The estimated cost in terms of loss of productivity for an adult with the disorder was $36,000 a year on average, while for family caregivers it amounted to $50,000 a year, according to the survey. And costs often increase as neuromuscular disorders progress. (The study received some financial support from Biogen Canada and Hoffman La-Roche, among other pharmaceutical companies.)

It’s why Mr. Wayland is asking himself what access to treatment could mean, not only for his health but for his family’s ability to cope financially.

The trouble with SMA treatments is that, while there’s solid evidence of their benefits in babies and children, there are no large, randomized clinical trials on adults. The Canadian Agency for Drugs and Technologies in Health (CADTH), which advises all provinces except Quebec on drug funding, recently recommended that Spinraza costs not be reimbursed for SMA patients over the age of 18.

Currently all provinces except Quebec have strict age caps limiting access to treatments for SMA, though Canadians who don’t meet the eligibility requirements can often apply to be considered on a case-by-case basis.

For another and more recently introduced SMA treatment, known as Evrysdi, from Roche, which was approved by Health Canada last year, major clinical trials only involved patients up to the age of 25. The treatment is expected to cost between $335,000 and $354,000 a year in patients older than age 2, according to CADTH.

While some SMA specialists are highly skeptical of treating adults, others point to a growing number of smaller trials that have shown meaningful benefits even for older patients.

“There is mounting evidence that adult patients with SMA can have improvement with nusinersen,” said Jodi Warman Chardon, director of the Neuromuscular Centre at the Ottawa Hospital, using the generic name for Spinraza.

Ms. Parisien, who received approval for treatment with Spinraza within months, describes it as life-changing.

“I wasn’t able to lay down and even raise my head up so that’s how weak I was,” she said, recalling that she had already filed paperwork for provincial funding to pay for four to six hours of at-home caregiving, up from the current half hour of service she receives to help her get ready in the morning.

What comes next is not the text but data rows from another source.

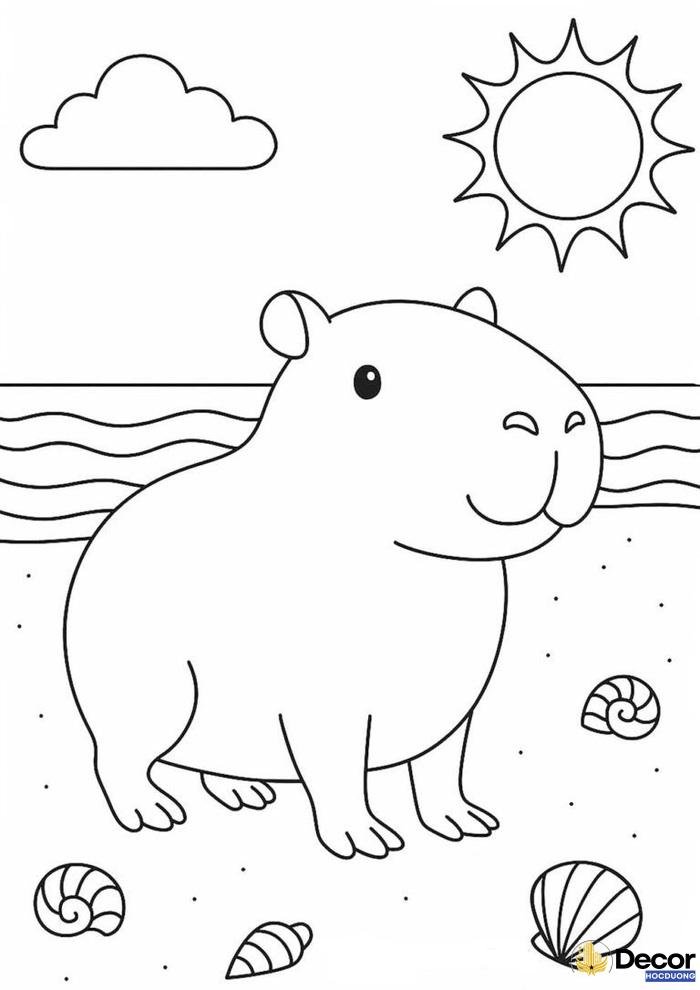 tranh tô màu capybara xinh xắn
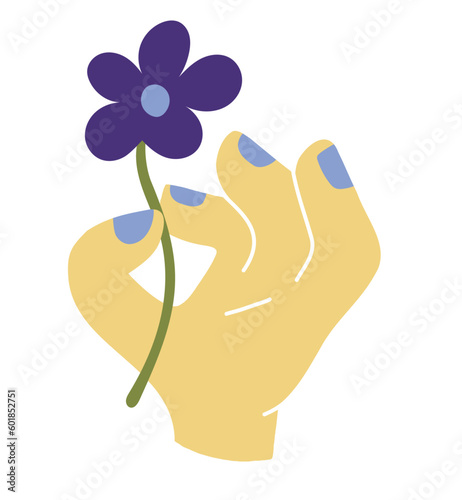 Quirky abstract yellow hand holding a flower editable vector
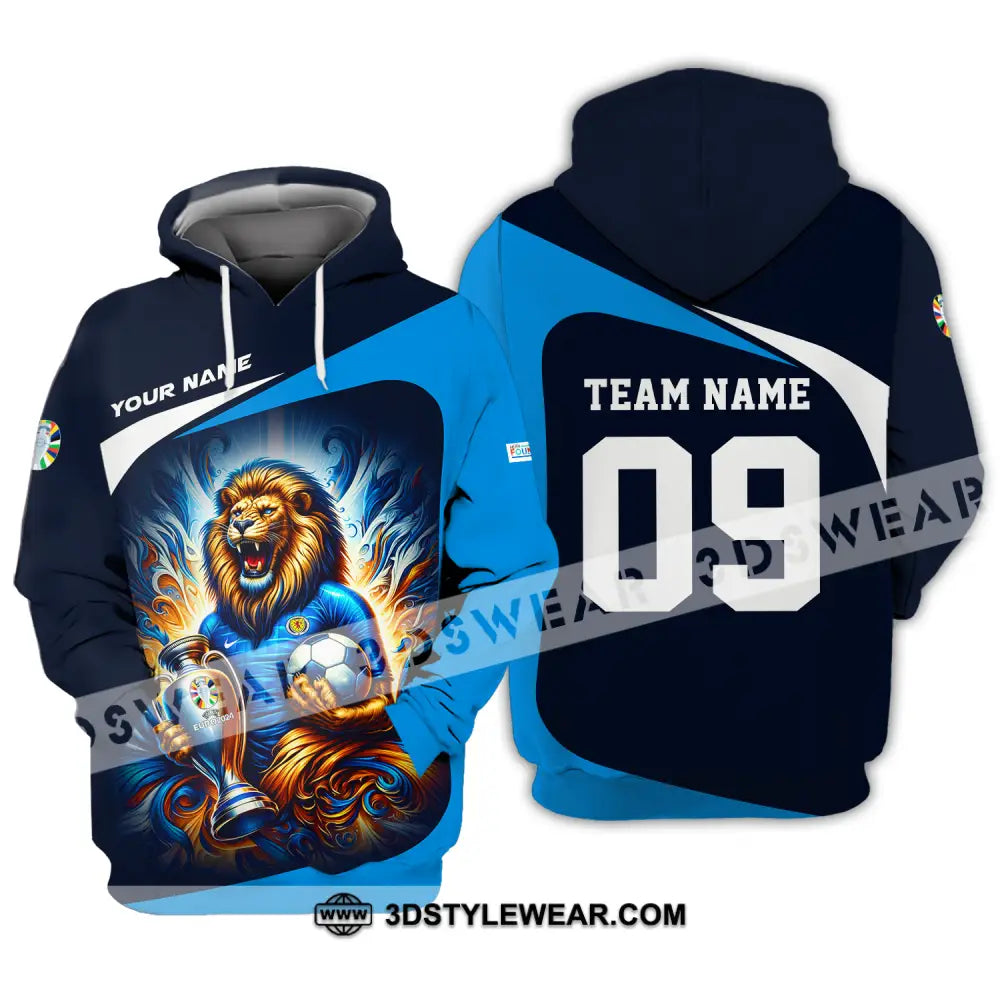 Unisex Shirt - Custom Name And Number Euro 2024 National Team Lion Holding Cup Ball Scotland Hoodie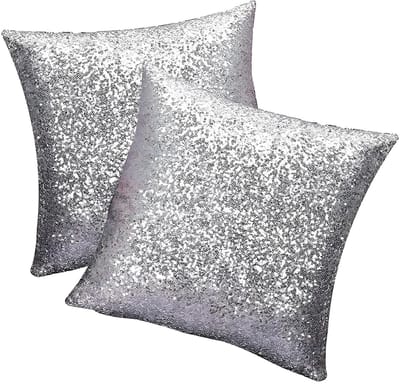 Cushion Cover 40 x 40 cm Sequins Silver Grey Sofa Cushion Cover for Home Cafe Decoration Pack of 2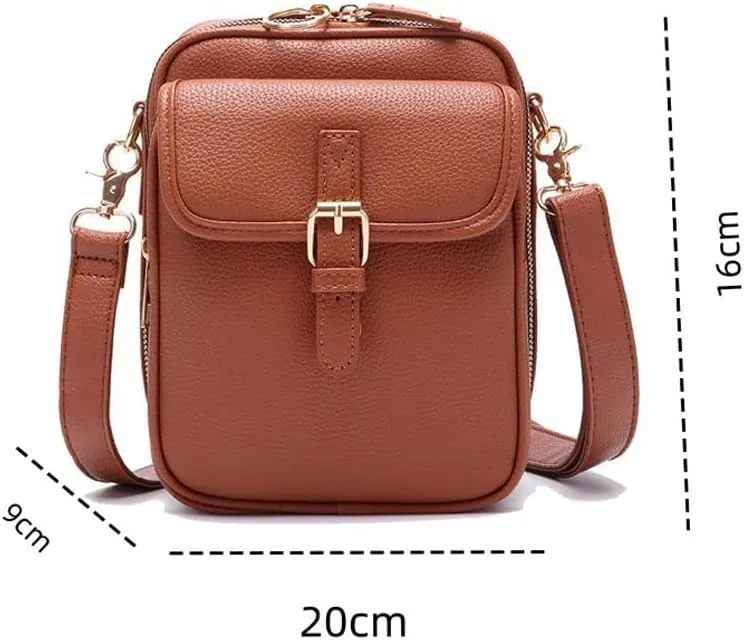 Collaboraten1 Crossbody Leather Bag, Tojoyride Crossbody Bag, Vintage Double Layer Large Capacity Mini Cross Body Bags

With treatment, Ms. Parisien said, “I went from that position to then being able to roll over independently to then be able to get onto my elbows and be able to lift my head up fully.” She is now considering purchasing a standing frame that will allow her to stand upright for periods of time.

Mr. Wayland, on the other hand, said he has yet to hear back about his 2019 application to receive Spinraza. He has also applied for Evrysdi.

To date, he said, “I have not heard a peep.”